Michaels was appointed to his position by Gov. John N. Dalton (R) in 1980, a year after Michaels received his doctorate from the University of Wisconsin. And it's hard to find anyone who faults his work in keeping the state's weather data.
"He's done an outstanding job," said Paul G. Knight, the state climatologist for Pennsylvania and head of the American Association of State Climatologists. Knight said that Michaels and his staff have excelled at gathering data and answering questions. "His office is really one of the very good offices" in the association, he said.
Michaels has built his career as a fiery and frequently quoted global-warming doubter. His position is that the climate is becoming warmer, but it will not turn out to be as hot -- or its consequences as bad -- as some fear. Michaels has criticized other scientists, as well as political figures such as former vice president Al Gore (a "scientist wannabe," Michaels wrote this year), for exaggerating the risks and results of climate change.
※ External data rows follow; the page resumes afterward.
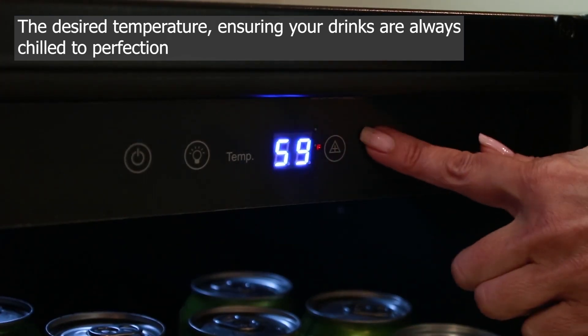The Wynter BR 128 WS Beverage Refrigerator is perfect for use in various settings, such as home bars, offices, dorm rooms, or even outdoor gatherings.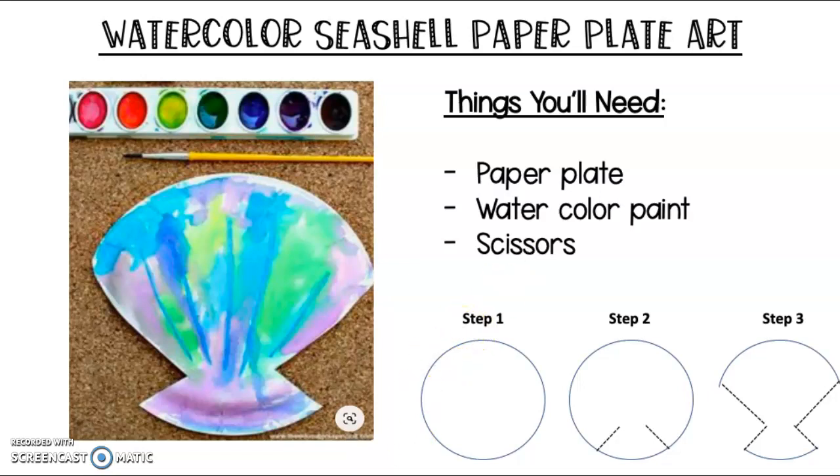So first, you're going to take your paper plate like this. Then you're going to go to the bottom of the plate and make little cuts on each side. Try to make sure they're even. Now don't cut across the whole way — make sure you have a gap for the bottom of your seashell.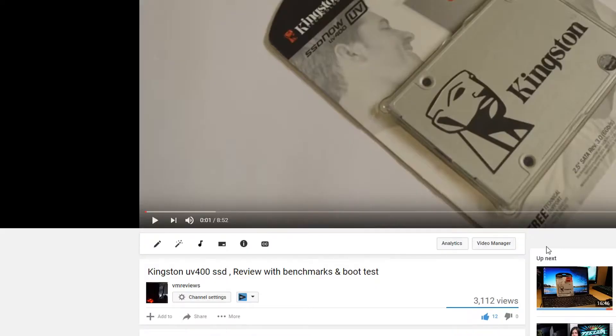You can also check out my other SSD video reviews by hitting my channel name, VMReviews.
"The preponderance of bad news almost certainly means that something is missing, both in the process of science itself and in the reporting of science," Michaels wrote last month in "Is the Sky Really Falling? A Review of Recent Global Warming Scare Stories," an article for the Cato Institute, where he is a senior fellow in environmental studies.
That position has earned him wrath from others in the climate-change debate who say that Michaels -- especially when he is quoted as a state climatologist -- creates the false impression of another side to a closed debate.
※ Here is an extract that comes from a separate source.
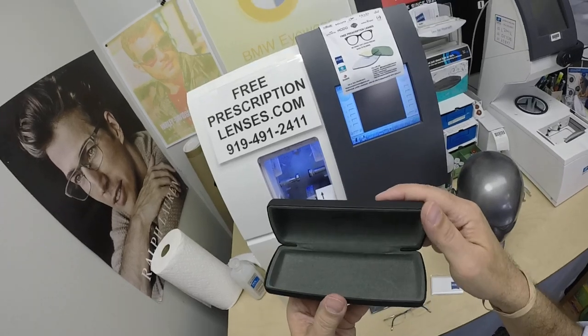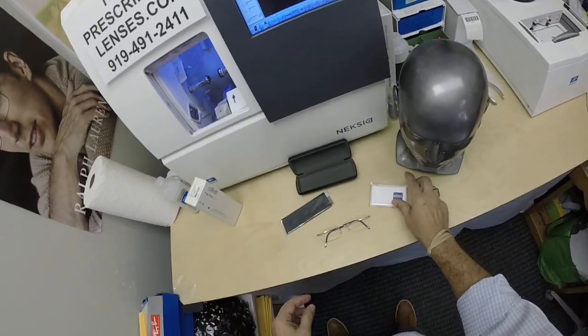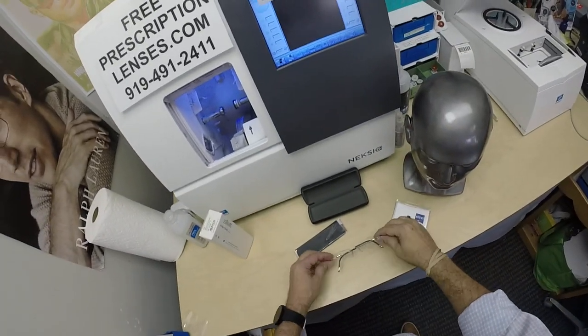You get the hard shell Silhouette case with that, and the Silhouette cleaning cloth. Of course, he got DoorVision chrome anti-glare, so you're also going to get the Zeiss cleaning cloth.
"He's sort of one of the central figures in what I would call a disinformation campaign," said Eileen Claussen, president of the Pew Center on Global Climate Change. She added: "He says it's a little bit, and it's of no consequence. . . . And it's not a little bit, and it is of serious consequence."
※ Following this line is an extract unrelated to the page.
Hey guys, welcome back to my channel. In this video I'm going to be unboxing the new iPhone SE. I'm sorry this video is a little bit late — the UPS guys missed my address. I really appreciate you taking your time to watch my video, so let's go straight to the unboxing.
This summer, news reports revealed that Michaels had asked for money for his research from coal-burning utilities. Such companies often are criticized for emitting pollutants that lead to global warming, and critics have said this fundraising proves that Michaels's views are calculated to please his financial backers. Michaels said it doesn't prove anything.
"I was working on climate change long before I worked as a consultant" to outside groups, he wrote in an e-mail to The Washington Post, "and my views have been quite consistent over that period."
After the fundraising reports came out, the Kaine administration investigated how Michaels had come by his title, and officials determined that he worked for the university, not the governor. So they sent Michaels a letter asking him to make it clear that he was not speaking for the state during his "outside activities" or consulting.
The bifurcated nature of Michaels's professional life is made clear in the text of an e-mail sent out last week to other state climatologists by Mark Shafer, the director of climate information at the Oklahoma Climatological Survey. Shafer's e-mail, which was obtained by The Post, came as state climatologists and their staff debated whether to issue a "letter of support" for Michaels.
"Regardless of your views on climate change, Pat Michaels is one of us," Shafer wrote. "He has a 25+ year record of climate services to the people of Virginia and provides a lot more services that do not get the press of his research."